Qui siamo chiamati tutti alla fede: quest’uomo incamminato verso la crocifissione è in realtà il Signore risorto e glorioso. L’appello dall’alto ad ascoltare la sua voce ci riguarda. L’alto monte indica un luogo di preghiera (in Palestina non vi sono monti alti), la gloria intravista appartiene ad un altro mondo che non può essere valutato con la logica mondana. È una gloria che il discepolo deve imparare ad attendere e a sperare senza lasciarsi distogliere dalla fedeltà di seguire il Signore crocifisso. Non può dire : “È troppo difficile, non ce la faccio”.
L’errore di Pietro che cerca di fermare il momento in cui vede Gesù trasfigurato, di eternizzarlo nella sua chiarezza e beatitudine, simboleggia la resistenza e la protesta di tutti noi, dei cristiani, contro la sofferenza che ci viene addosso senza alcuna amabilità, senza che noi riusciamo a pensarla come qualcosa che contiene e dona la vita. La vita di fede non è fermare il momento, neanche per fermare la gioia: l’appello all’ascolto di Gesù ha valore di attualità per tutti noi.
Nel cammino di fede la Provvidenza non ci fa mancare momenti di chiarezza e di gioia, all’interno della fatica del vivere con fedeltà.
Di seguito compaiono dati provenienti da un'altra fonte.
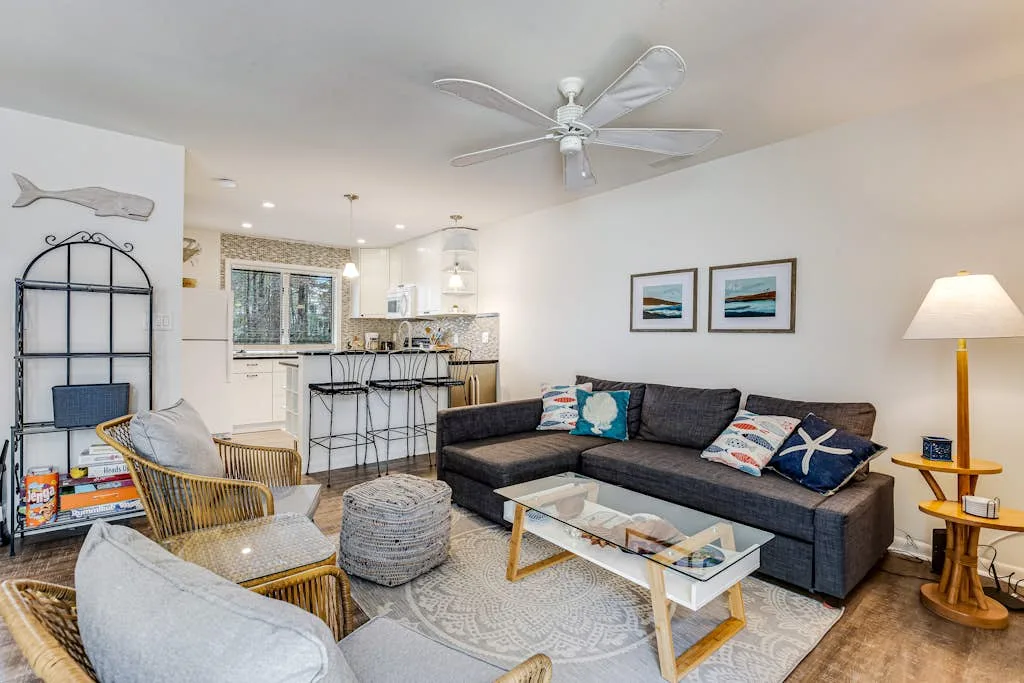 A bright living room with a sectional sofa and an open kitchen.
Un amico, molto provato dalla sofferenza, mi ha raccontato di un’esperienza che gli ha permesso di uscire dalla paura: nel momento della massima angoscia, ha visto, nel corridoio dell’ospedale una persona che portava l’Eucarestia, per distribuirla ed ha capito di non essere solo: l’importante è capire che il Signore è con noi. Bisogna accogliere questi momenti ed essere riconoscenti, ma senza dimenticare che il loro carattere è la provvisorietà, perché la strada è quella della fedeltà alla croce. Perciò al di là della gioia che conferma, rassicura e alimenta la speranza, al di là di ogni pur possibile straordinarietà, resta l’imperativo: “Ascoltatelo!”. E questo è fatto serio.
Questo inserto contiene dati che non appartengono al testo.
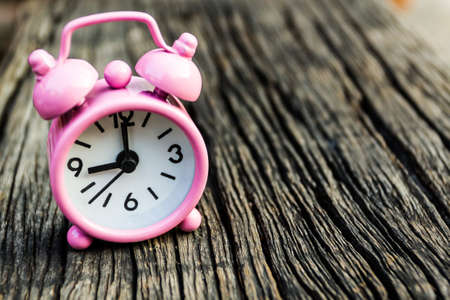 Close up small pink watch on wooden table の写真素材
Tutta la storia sacra è una lunga azione pedagogica del Signore per rivelarsi progressivamente all’uomo e farlo entrare in comunione con sé. Una pedagogia che suscita nel cuore umano il desiderio profondo che è anima di ogni preghiera, come è riferito di Mosè. Nel momento in cui sentì maggiormente il peso della responsabilità, salì anche lui sul monte della preghiera e chiese: “Fammi vedere la tua gloria!” (Es.33,18). Così tutto diventa possibile. Nel momento della trasfigurazione, la presenza di Mosè dice che la preghiera al Dio invisibile, che domanda di vedere il suo volto, trova risposta nella visibilità del volto di Cristo.
“Chi vede me vede il Padre” (Gv.14,8). In Gesù, uomo Dio, l’umano è talmente compenetrato del divino da dirlo, non esiste più separatamente e quando si vede l’umano si vede anche il divino. Il divino traspare nell’umano.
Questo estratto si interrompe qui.